On Thu, 23 Apr 2026 07:53:30 GMT, Quan Anh Mai <[email protected]> wrote:
>> ## Preliminaries
>>
>> ### 1. The inlining heuristic NodeCountLimitCutoff
>>
>> In general, we don't want to inline a call if the graph is already too
>> large. However, it is hard to decide whether the graph is large when we are
>> still constructing the graph.
>>
>> - There are still more bytecodes that need parsing, and more nodes that need
>> generating.
>> - It is hard (maybe impossible) to reliably determine whether a node is dead
>> during parsing.
>>
>> Due to the issues above, the heuristic depends on the number of generated
>> nodes, which is an upper bound of the number of live nodes, and the
>> threshold is pretty conservative.
>>
>> ### 2. Inlining a method
>>
>> To inline a method, C2 needs to generate the structure for the callee to
>> reside in. This includes the map for the exception path, the map for the
>> merge of all normal paths, their memory states, etc. My experiment shows
>> that, inlining a call generates around 20 more nodes than if the call is
>> inlined in the source code.
>>
>> private int v() {
>> return this,v;
>> }
>>
>> int test1() {
>> return this.v();
>> }
>>
>> int test2() {
>> return this.v;
>> }
>>
>> This means that, inlining a call consumes the budget of
>> `NodeCountInliningCutoff`, which may prevent other calls from being inlined,
>> even if other heuristics say that inlining is preferable. However, in
>> practice, it is rarely an issue, because there is a difference of 3 orders
>> of magnitude between the extra nodes generated by inlining, and the default
>> value of `NodeCountInliningCutoff` (16000).
>>
>> ### 3. Foreign memory access API
>>
>> The aforementioned property that `NodeCountInliningCutoff` is 3 orders of
>> magnitude larger than the number of extra nodes generated when inlining a
>> call is broken due to how the FMA API is implemented. A memory access such
>> as `j.l.f.MemorySegment::get` results in a huge call tree that needs
>> inlining:
>>
>> @ 8 jdk.internal.foreign.AbstractMemorySegmentImpl::get (12 bytes)

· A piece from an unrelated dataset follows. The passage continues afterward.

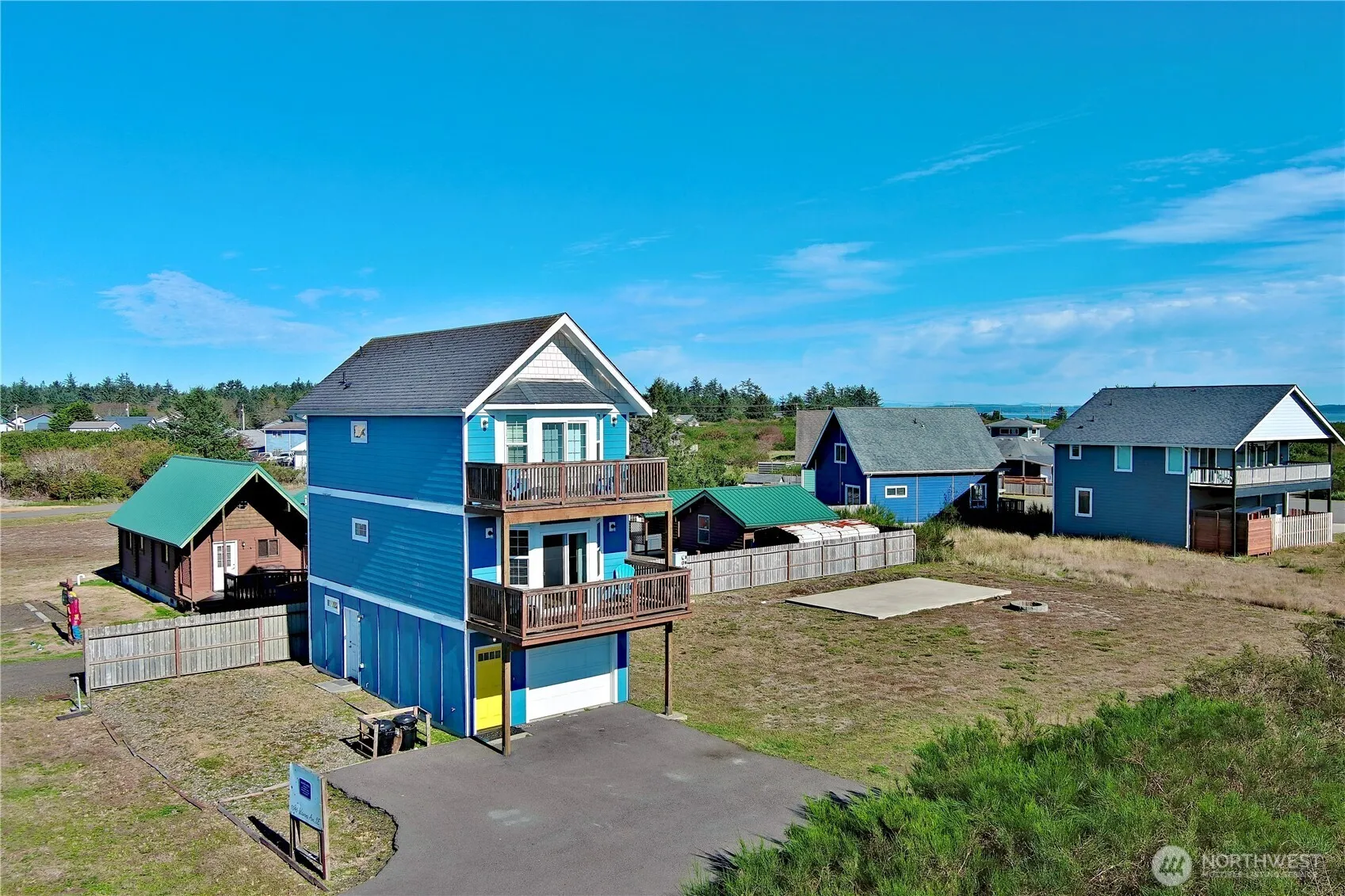 Property photo for 1046 Wawona Avenue Se, Ocean Shores photo 2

>> force inline by annotation callee changed to
>> io.github.merykitty.BenchmarkDraft::test1 (14 bytes) -> TypeProfile
>> (9083/9083 counts) = jdk/internal/foreign/NativeMemorySegmentImpl
>> @ 1
>> jdk.internal.foreign.layout.ValueLayouts$AbstractValueLayout::varHandle (24
>> bytes) force inline by annotation
>> @ 8 java.lang.invoke.VarHandleGuards::guard_LJ_I (84 bytes) force
>> inline by annotation
>> @ 3 java.lang.invoke.VarHandle::checkAccessModeThenIsDirect (29
>> bytes) force inline by annot...
>
> Quan Anh Mai has updated the pull request incrementally with one additional
> commit since the last revision:
>
> add benchmark
Hello, thank you all for looking into this!
> Also pinging @Spasi (in case he doesn't want the benchmark added -- after
> all, he wrote the initial version of it :-) )
No problem of course, I'm glad it helped! I've been testing all day with this
patch, my feedback:
I can confirm that it works as intended and gives a lot of breathing room to
most cases that were hitting `NodeCountLimitCutoff` before.
I can also confirm that `DesiredMethodLimit` keeps the inlining decisions in
check. The two limits seem to pull back unrestricted inlining from different
directions, but at around the same ballpark. Big methods that were hitting
`NodeCountLimitCutoff` at a certain point, now hit `DesiredMethodLimit` at
around the same point, +/- a few method calls. More reasonable methods that
were nowhere close to `DesiredMethodLimit` but were easily hitting
`NodeCountLimitCutoff`, now get optimized properly.
Testing was done in a series of benchmarks that specifically target this issue,
on server applications with mostly vanilla Java code and on LWJGL-based client
applications with typical off-heap access patterns and foreign function calls.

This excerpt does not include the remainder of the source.